True, that does not mean the United States Administration will immediately train its guns on Pakistan, declare it a pariah state and attempt to treat it as it does Iran or even Venezuela. However, it is difficult to see how public pressure and congressional scrutiny will make it easy to provide Pakistan more aid and not push the US State Department to talk tough.
The Americans are going to adopt a two-track approach. On the face of it, Pakistan will continue to remain a valued ally. Behind closed doors, they will be speaking another language, and making several contingency plans. Is this a model for India?
It could be said there is no harm done continuing anodyne talks with Pakistan. This serves little purpose but, at the same time, concedes little ground.

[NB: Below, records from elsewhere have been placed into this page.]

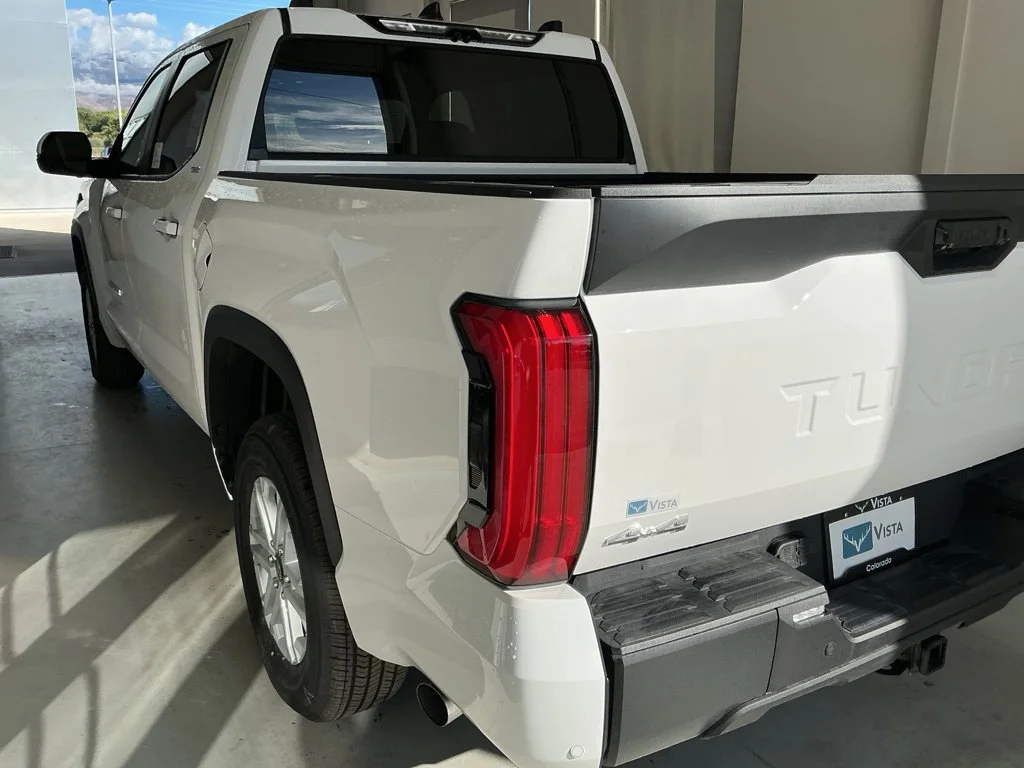 2026 Toyota Tundra SR5 - Photo 6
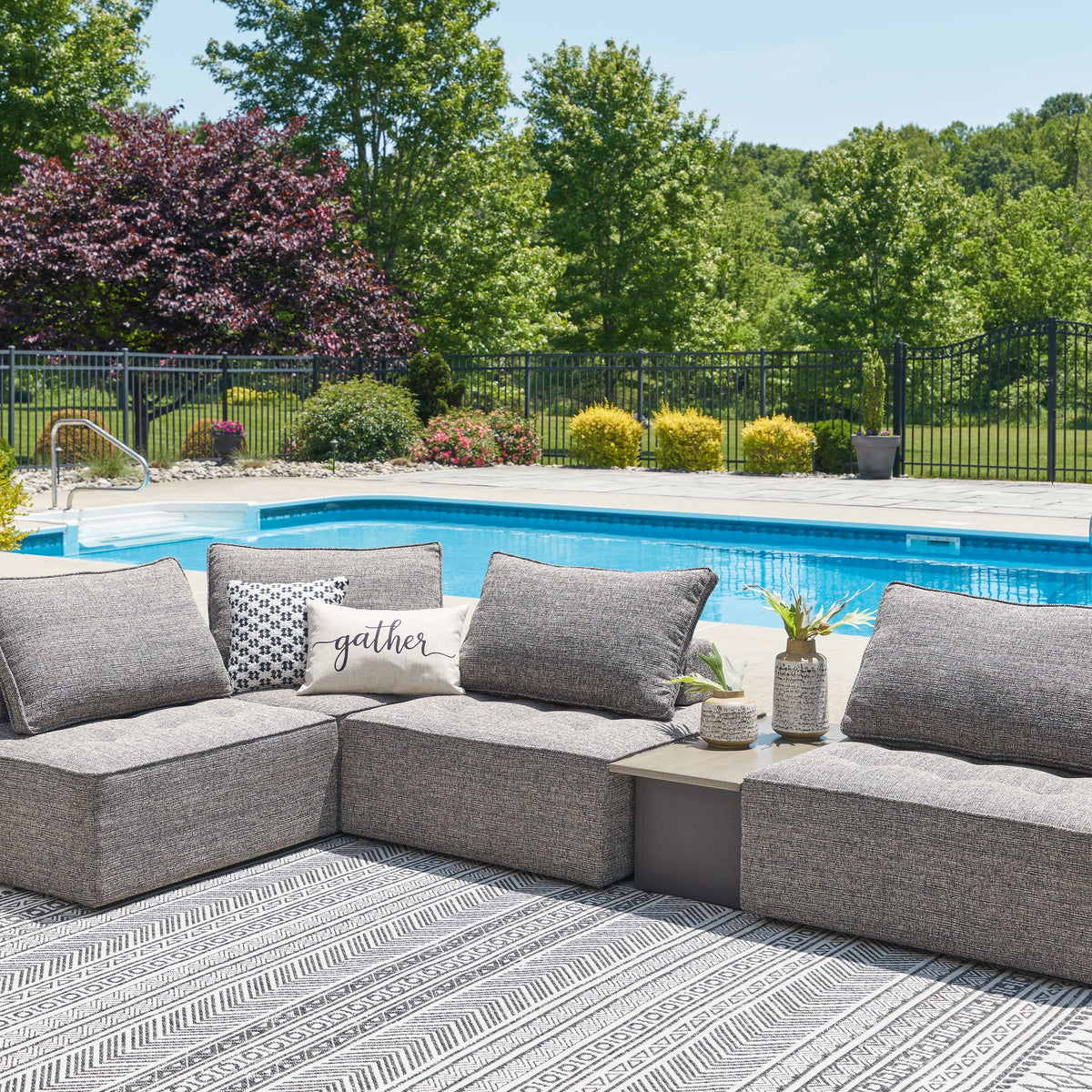 Bree Zee - Outdoor Sectional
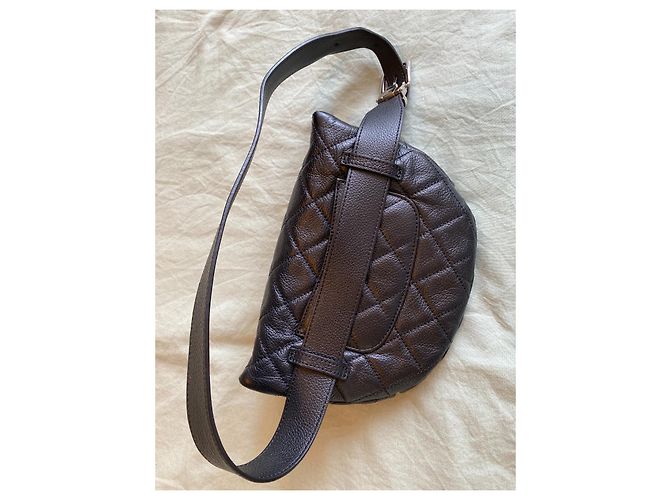 Girl Marsupio Chanel modello Uniform Nero - vista 4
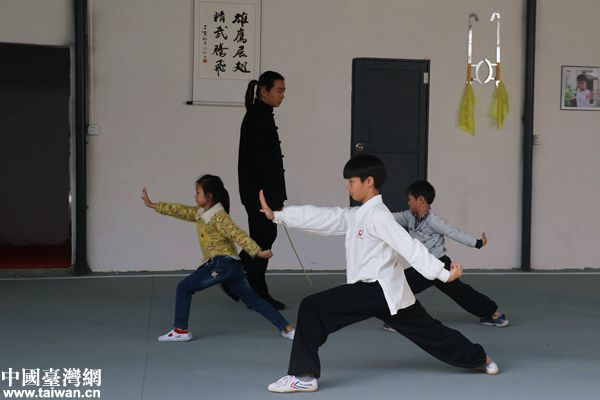 ���W�jý�w���D�ġ��^����ġ�͑׃ӛ�����r�����r�����ģ��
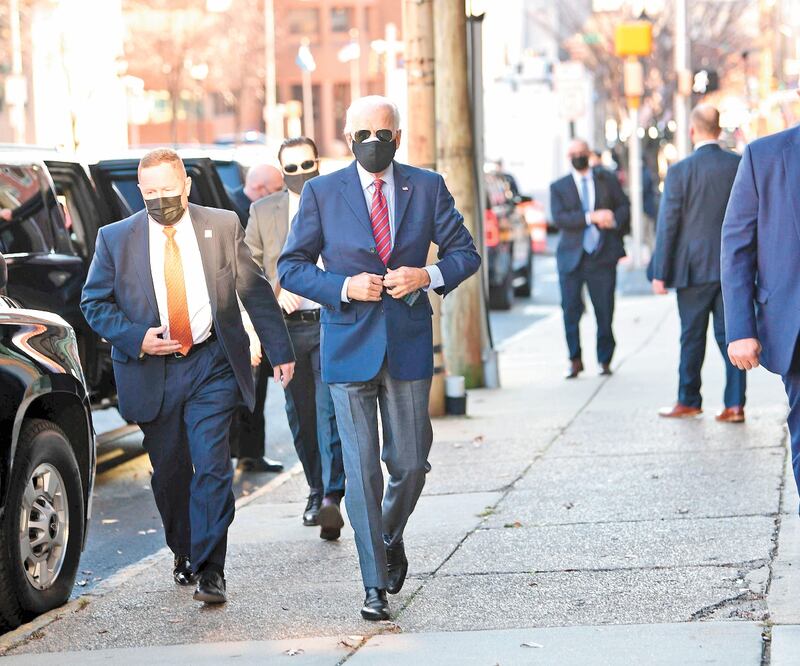 El presidente electo de Estados Unidos, Joe Biden, a su llegada al Queen Theatre para reunirse virtualmente con alcaldes de Estados Unidos. Su equipo de transición ya cuenta con los recursos para empezar a trabajar en su agenda. MARK MAKELA. AFP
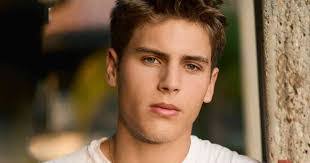 Sabrina Hepler's Instagram, Twitter & Facebook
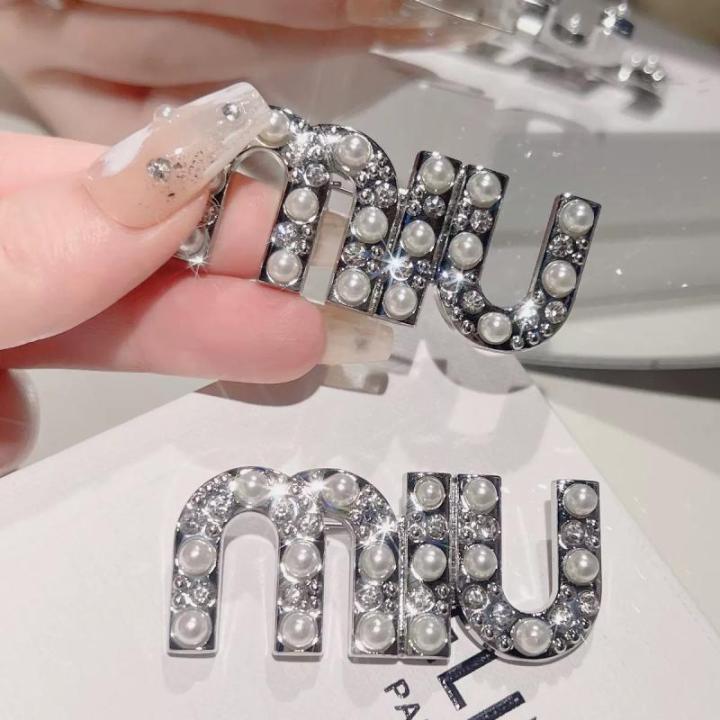 Miu Miu Brooch Pearl And Rhinestone Pin Temperament And Versatile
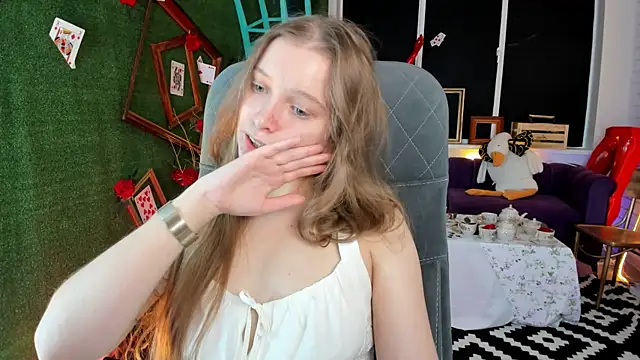 MayaSinabon online show from February 2025 03:17:02 PM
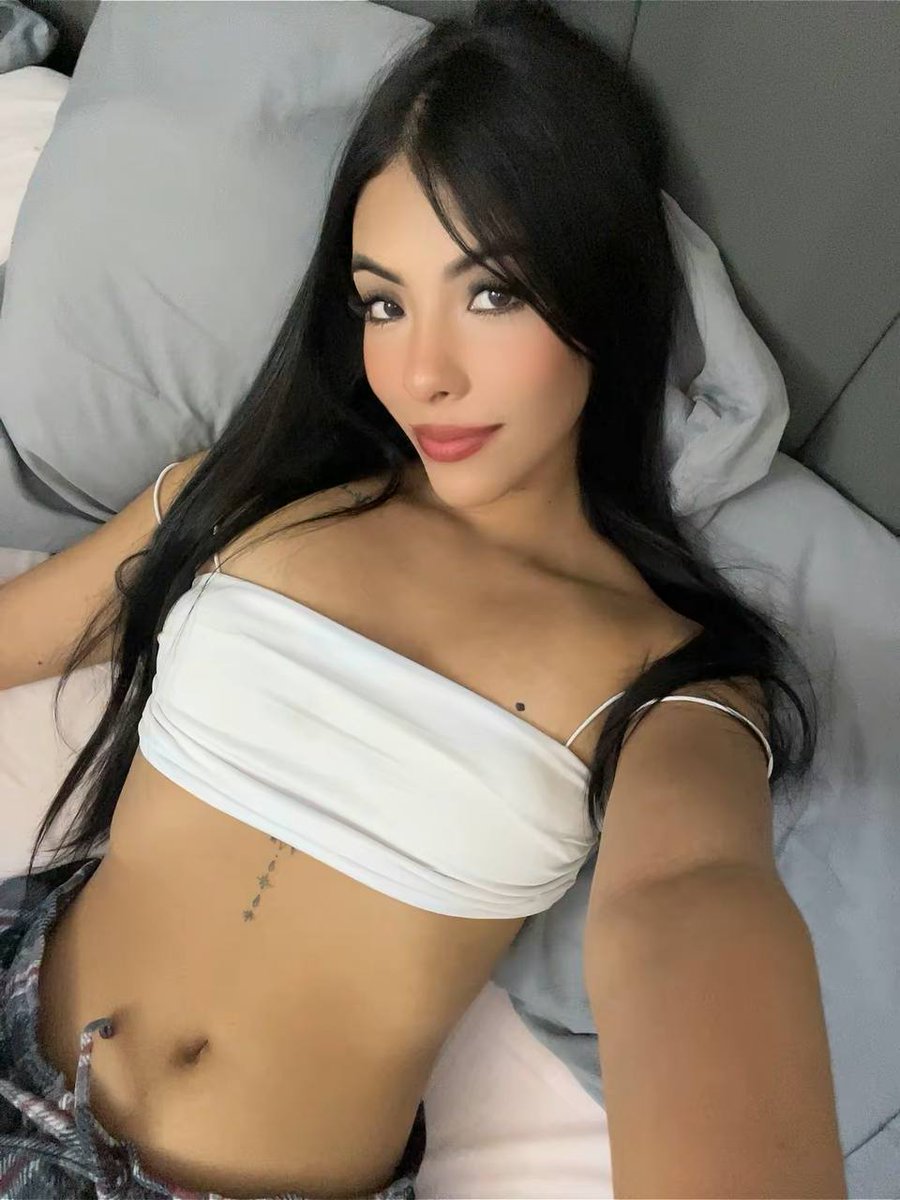 oladele75342's tweet image. Wait for me till i cum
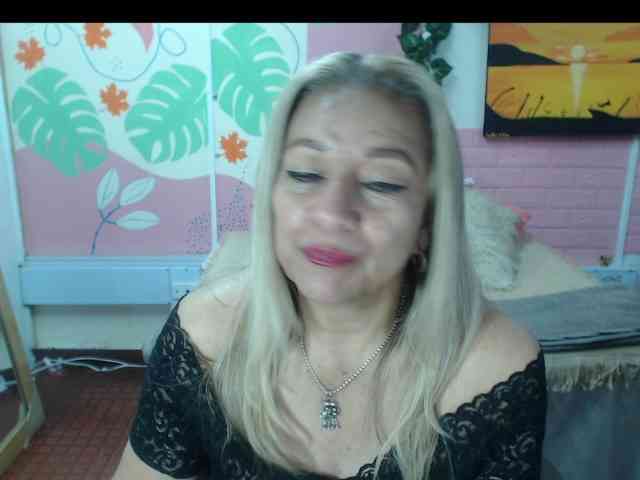valeria-sexy webcam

Perhaps; nevertheless there has to be an iron fist inside the velvet glove. The Headley confession is too important to be brushed under the carpet. In any future talks with Indian interlocutors, Pakistan’s Government has to account for the conspiracy that has unravelled in Chicago. It is required to tell India what it is doing with the ISI officers Headley has mentioned.
As Pakistan’s closest neighbour, India also needs to present the international community two medium-term non-negotiables. First, as an institution the ISI is beyond redemption. Its dismantling is essential for regional and global security. It has to be treated at par with the SS or the Stasi.
It is not enough to argue the ISI has had some thoroughly professional officers and even chiefs. Markus Wolf, legendary head of the East German Stasi, was one of history’s great spymasters. That did not stop him from leading a gang of thugs.
Second, the close relationship between the ISI and the LeT is a pointer to creeping Islamist access to nuclear weapons. At the very least, some sort of multilateral oversight of Pakistan’s nuclear facilities is now imperative. If a full-scale and immediate denuclearisation of Pakistan is not feasible, then at least a half-way house needs to be found.
It is a fair expectation the world will listen to these suggestions more than it would have in, say, 2001. This is not just due to Headley. In the past 10 years, the locus of international jihad has moved further and further from the Arabian Peninsula. The world community’s number one nightmare is no longer an extremist overthrow of the Saudi royal family. It is an Islamist occupation of the Pakistani heartland, with the LeT-ISI and the Tehreek-e-Taliban competing for supremacy.
Pakistan can congratulate itself. It has fulfilled Hitler’s dreams; it has become the jihadi Lebensraum.